Goodbye Central America!
Three month in Central America past by like a short summer vacation. It was a good trip, unlike any of my previous tours. From stunning beaches to smoking volcanoes and timeworn colonial cities to tropical islands, Central America offers a lot while charging little!
After one relaxing week in Playa Gigante, it’s time to say goodbye to Agata. We got along very well and I’m really sad to let her go. We drive to Managua where she picks up her boyfriend from the airport. My truck gets some new brake pads and a battery service before I take off on my own. In Chinandega I refill the propane and get some welding done on my exhaust. Then I leave Nicaragua and cross the border into Honduras.
It takes me one day to travel across Honduras and again I don’t see too much worth stopping for. In San Pedro Sula I pick up my friend Killa at the airport. We know each other for a few years now and share not only the same profession but also the love for traveling. For three weeks she will be my copilot while moving up north towards Cancun.
We don’t waste much time and drive into Guatemala the following day. I’m glad I get the chance to see the eastern part of the country, which I had missed on the way down. Our first destination is Semuc Champey, a series of natural pools on top of a 300-meter limestone bridge over the Cahabón River. As roads are getting more and more rural, we see typical little towns amid breathtaking green valleys. Tourists are rare in these parts of the country and children wave to us around every corner, smiling and laughing.
In Semuc Champey we go for a swim in the turquoise colored pools and climb up to the viewpoint. In our camp in front of the entrance to the park we make friends with the local kids and learn a few words in Q’eqchi, the language of the local Mayas. We also meet Alex from Spain, who has been in Semuc Champey for a few days. He invites us to have some beers at his place in a close-by hostel, which we don’t decline.
After a nice evening with Alex we decide to invite him to join us for a while in the camper. After a few months of traveling alone he likes the idea and soon we are sitting in the truck driving towards Tikal.

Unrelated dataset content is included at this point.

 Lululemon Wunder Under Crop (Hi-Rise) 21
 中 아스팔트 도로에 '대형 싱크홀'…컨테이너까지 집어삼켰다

Two days on the road to Flores include swimming in a dry lagoon, countless unwanted detours due to faulty directions, alien-like bugs with green glowing eyes in the jungle, scary security guards with loaded shotguns and numerous laughs. Once in Flores we get to have a nice dinner in the city and sleep close to the waterfront before driving the last few kilometers to Tikal in the next morning.
Tikal turns out to be a very nice surprise for me. Expecting hordes of tourists I was close to skip this site. But as it turns out, we are already in the off-season and feel like being the only people in the whole park. A bribe for the security guard gives us the chance to stay on top of the highest pyramid until after sunset and come into the park before sunrise. An amazing experience which probably won’t be possible in a few years…
Noises of the jungle recorded with my iPhone at night in Tikal (I will miss those Howler Monkeys!):
From Tikal we drive to the close-by ruins of Yaxhá, which impress with their location next to a nice lake. Also the site is quite new and the ruins have been cleaned very nicely. A definite recommendation and still quite the secret!
From Yaxhá our route takes us into Belize, where we leave the camper in the front yard of a nice lady close to the ferry terminal in Belize City. Once more it’s time to explore an island without the car. Caye Caulker is waiting for us with Jamaica flair, reggae bars, colorful old beach cabins and little jetty’s into the turquoise colored water.
We stay three nights to explore the island. Being in Belize prizes are even more expansive then Costa Rica without offering the same natural wonders. For us a definite reason to leave again and make our way into Mexico.
Central America was a certainly great experience and a place where anyone can find something that suites his interests, be it culture, history, adventure, relaxation or natural beauty… Goodbye!
Demian & Faro
A very nice closing to the latinamerican chapter of your yourney! Impressing pyramids and so much a nicer/greener sight than the egyptian ones in the sand…
After our scypersation I was watching with Faro and ev’ry time your face on the monitor he was pointing and sayin’: “Dor!”